> **YOUR TASK**:
Below is a listing; print exactly its lines from the one containing "So what about" down to the one containing "Today we're going to be", both inclusive, with every picture left out.

> **DATA PROVIDED**:
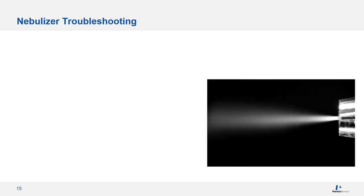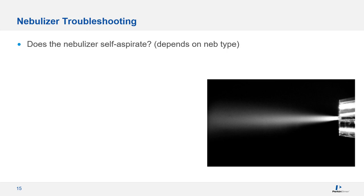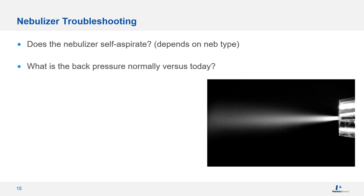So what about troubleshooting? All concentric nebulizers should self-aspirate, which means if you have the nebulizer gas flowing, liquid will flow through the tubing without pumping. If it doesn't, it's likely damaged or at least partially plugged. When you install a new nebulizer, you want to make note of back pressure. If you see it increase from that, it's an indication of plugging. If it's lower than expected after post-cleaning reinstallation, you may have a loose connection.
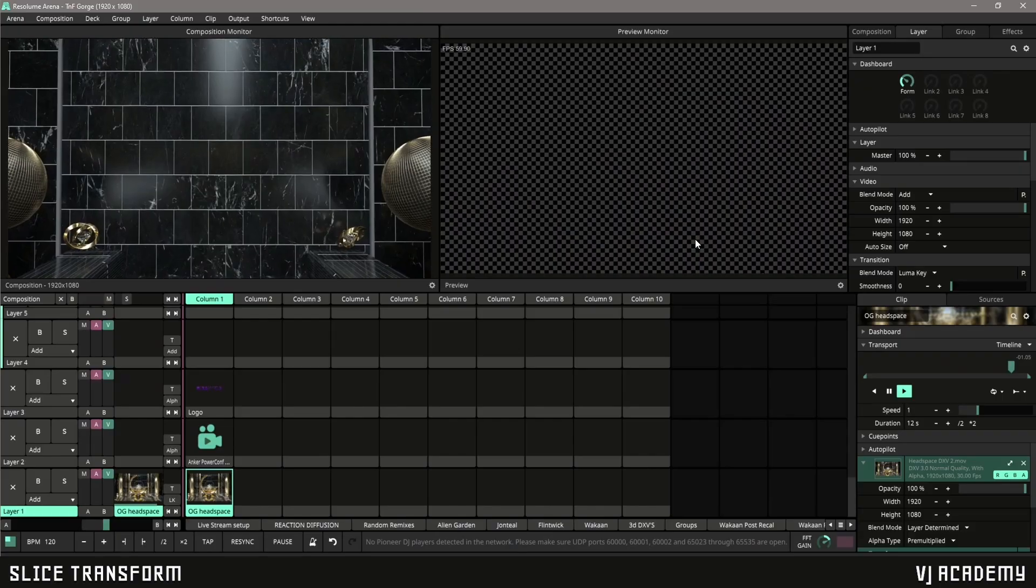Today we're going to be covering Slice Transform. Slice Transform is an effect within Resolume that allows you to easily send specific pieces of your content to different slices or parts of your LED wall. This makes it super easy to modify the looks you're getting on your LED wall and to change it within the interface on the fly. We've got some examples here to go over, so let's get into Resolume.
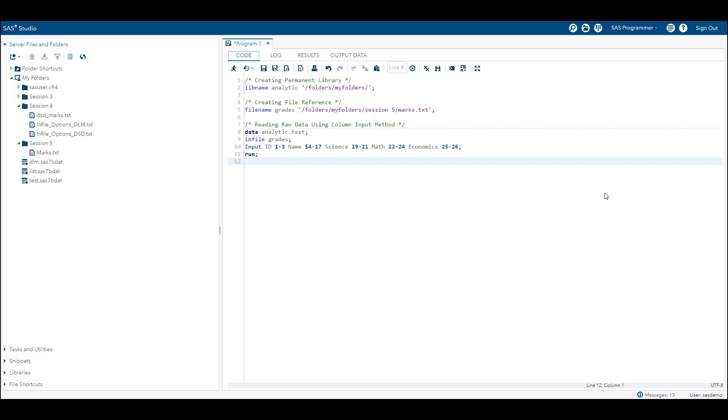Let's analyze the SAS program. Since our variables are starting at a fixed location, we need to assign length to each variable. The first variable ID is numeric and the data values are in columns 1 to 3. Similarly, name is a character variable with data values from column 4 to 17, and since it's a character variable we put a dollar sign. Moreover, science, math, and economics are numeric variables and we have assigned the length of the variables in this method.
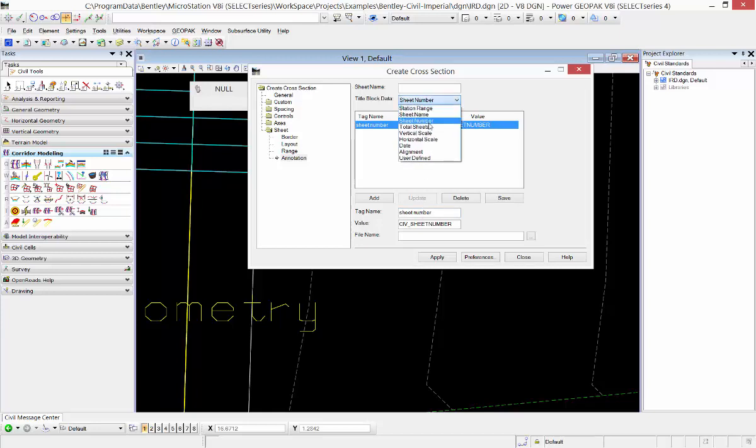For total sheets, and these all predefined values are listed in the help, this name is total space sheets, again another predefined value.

...

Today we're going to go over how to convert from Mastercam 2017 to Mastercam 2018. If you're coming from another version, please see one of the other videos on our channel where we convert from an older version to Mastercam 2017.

> **SOLUTION TO THIS EXERCISE**:
So what about troubleshooting? All concentric nebulizers should self-aspirate, which means if you have the nebulizer gas flowing, liquid will flow through the tubing without pumping. If it doesn't, it's likely damaged or at least partially plugged. When you install a new nebulizer, you want to make note of back pressure. If you see it increase from that, it's an indication of plugging. If it's lower than expected after post-cleaning reinstallation, you may have a loose connection.
Today we're going to be covering Slice Transform. Slice Transform is an effect within Resolume that allows you to easily send specific pieces of your content to different slices or parts of your LED wall. This makes it super easy to modify the looks you're getting on your LED wall and to change it within the interface on the fly. We've got some examples here to go over, so let's get into Resolume.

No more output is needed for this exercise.